Thanks once again guys!!!!

Thank you know who for the forum as I'd really be lost!!!

Best regards!


----------



## Jodokohajjio (Mar 5, 2007)

Persistance might help when hand feeding...especially if she's not used to eating that way. They can be skeptical of already dead food...especially when it is being held by a huge creature from their perspective.


----------



## sk8erkho (Mar 6, 2007)

But, that's not the case. I have been hand feeding her since she became too large for the smaller flies and I had a food shortage. So, I would feed her maggots from the fruit flies at first via tweezer then the flies as well. We would get a cool rhythm going and it worked and those were the small D. melanagaster flies. The crickets are about 1/2 " and she just does not want them.
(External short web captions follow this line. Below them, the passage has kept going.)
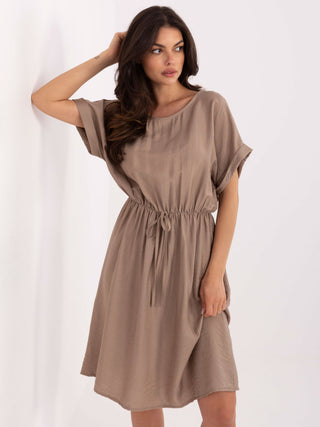 Sukienka-MI-SK-A63751.67-ciemny bezowy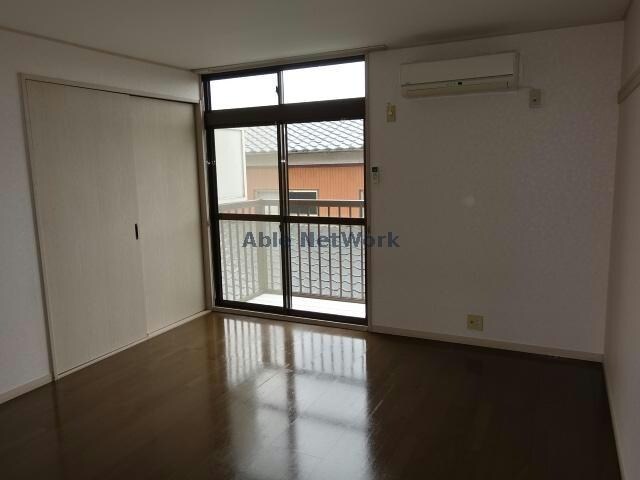 アプローズ東太田の物件内観写真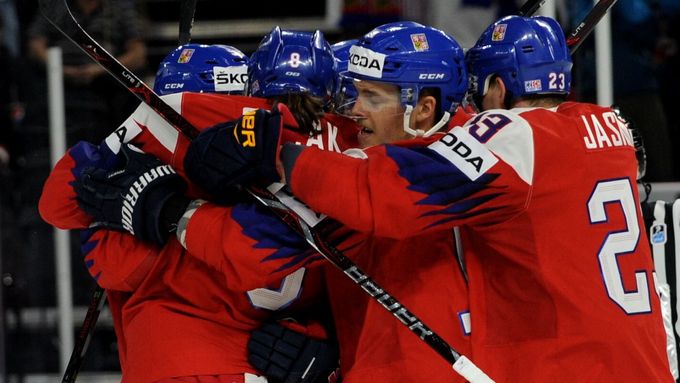 Hokejisté slaví triumf nad Švýcary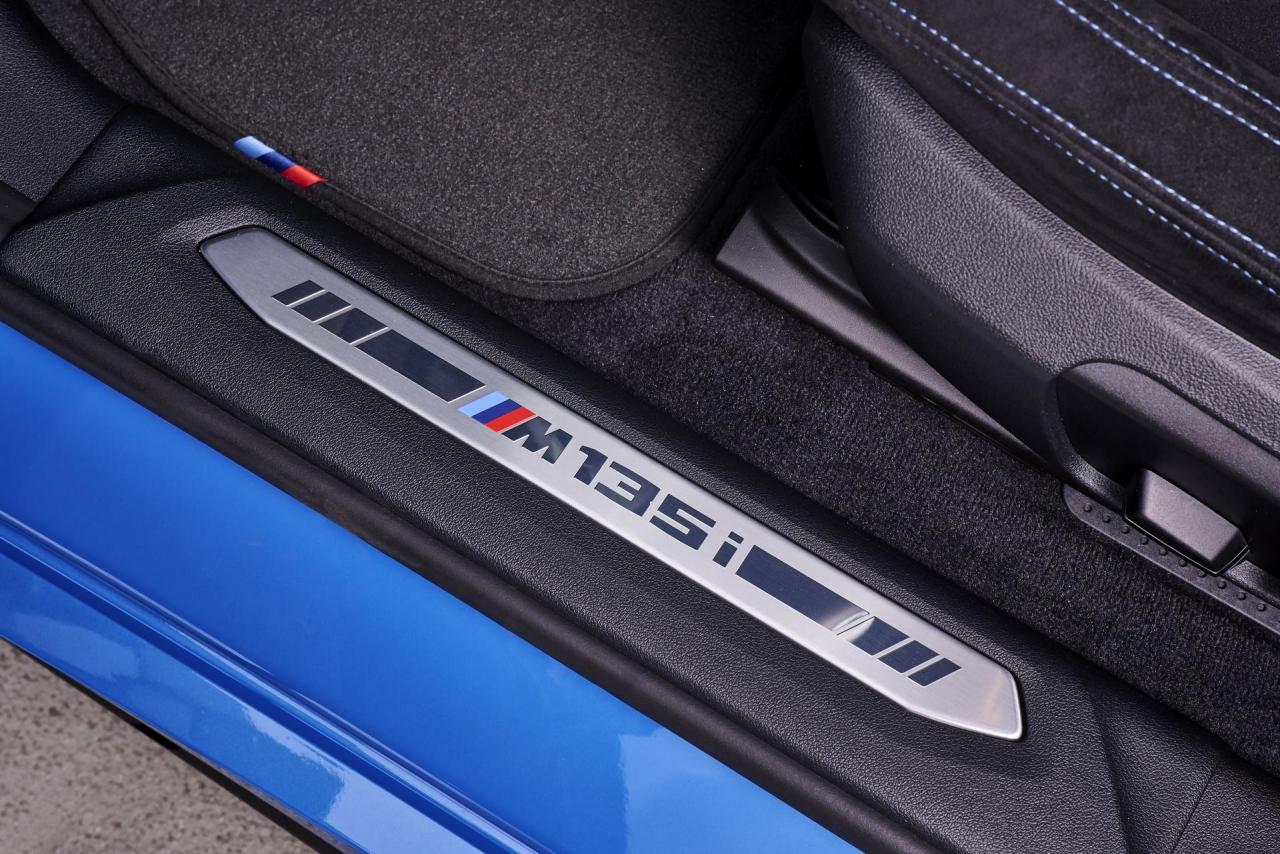 848b0d80-2020-bmw-1-series-m135-69.thumb.jpg.7680328b396d24e2ec8bf90ea86af228.jpg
Tonight I went as far as putting a couple of mantids L2-3 in with her and she doesn't want them either. They are still in the tank. It's been maybe 5 days now guys and she won't eat. She made an attempt at a cricket last weekend and the next thing I knew she was on her back. I flipped her over because with her wings fluffed like that she had a difficult time gettign up. She does not like to be handled now either. However, when out she does head str8 to the window and stays up top until I get her down. She has been stressed like this since her wings were crippled.

I had to put on gardening gloves to handle her. I put a rush on some flies from a place called Flukerfarms. I'll see how this goes.


----------